Perhaps one of the hardest consequences of stroke that a family deals with is personality changes in the stroke patient. It is not uncommon for the stroke victim to become apathetic, depressed, or have frequent mood swings. Depression is by far the most common emotional change, but there are others that are equally as difficult. Below is a list of some emotional changes that may occur with stroke:
Emotional Lability - This is characterized by mood swings and emotional responses for no apparent reason. The person may cry uncontrollably without provocation or laugh at inappropriate times. Emotional lability can be debilitating for patients because it interferes with their ability to interact with others socially. Emotional lability is not the same as depression. A stroke victim can be labile without being depressed or he or she may be afflicted with both conditions.
Depression - Due to brain injury and decline in function, it is not uncommon for the stroke patient to become depressed. If the patient has aphasia or is prone to lability, it may be difficult to determine if depression is present. Grieving due to the stroke or short term reactive depression is normal, but deeper depression may include persistence of these symptoms:
Feelings of despair and hopelessness
Poor appetite or increased appetite
Excessive sleeping or not sleeping enough
Apathy toward life
Increased agitation or restlessness
Expression of suicidal thoughts or thoughts about dying
In order to determine if your loved one is experiencing depression after stroke, have an evaluation performed by a physician. Neuropsychiatrists can be helpful in dealing with post stroke depression. Tips to help patients with depression include involving them in activities, exposing them to sunlight or the outdoors, expressing a positive attitude when interacting with them, and helping them find a support group.
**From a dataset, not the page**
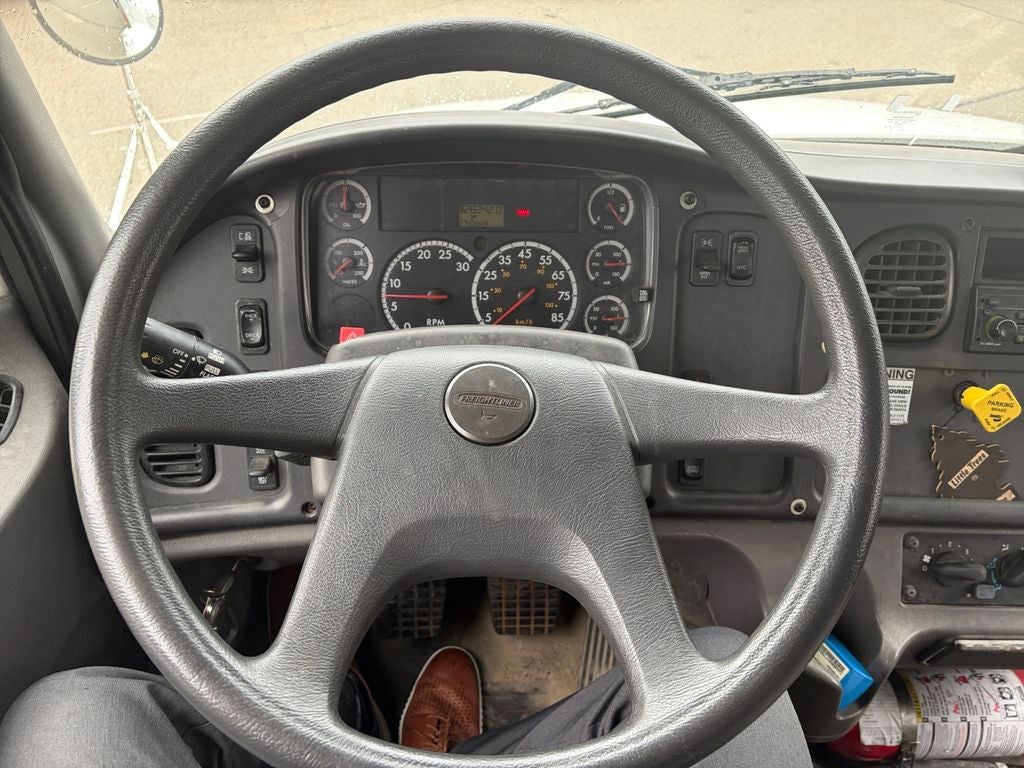 2007 Freightliner M2 / 20' Dumping Flatbed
Agitation - The stroke patient may appear angry or have episodes of lashing out verbally and/or physically. Fear may be present as well. The agitated patient may unintentionally say hurtful things. Agitation may be brought on by overstimulation from such things as noise, bright lights, being attached to multiple medical devices (IVs, catheters, feeding tube, etc.), too many visitors, and others trying to engage the patient in conversation or asking the patient questions.
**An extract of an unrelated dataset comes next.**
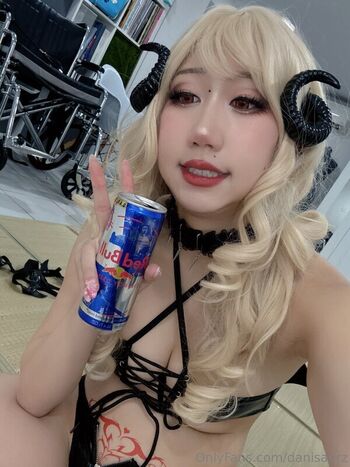 Full leaked Danisaurz page private photo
Caregivers can help calm the agitated person by talking calmly, not asking too many questions, avoiding activities that are known to agitate the patient, knowing the signs of beginning agitation, removing items that overstimulate the patient, limiting visitors when necessary, and making sure the patient is getting enough rest.
Anxiety - Symptoms may include persistent irritability, restlessness, poor concentration, poor sleeping habits, muscle tension, decreased energy, and excessive worrying. Some stroke patients may be overly fearful that they are going to experience another stroke.
It is important to consult a neuropsychiatrist or neuropsychologist if the stroke victim is debilitated by any of the above mentioned personality changes. These medical specialists are specifically trained to work with neurologically impaired patients.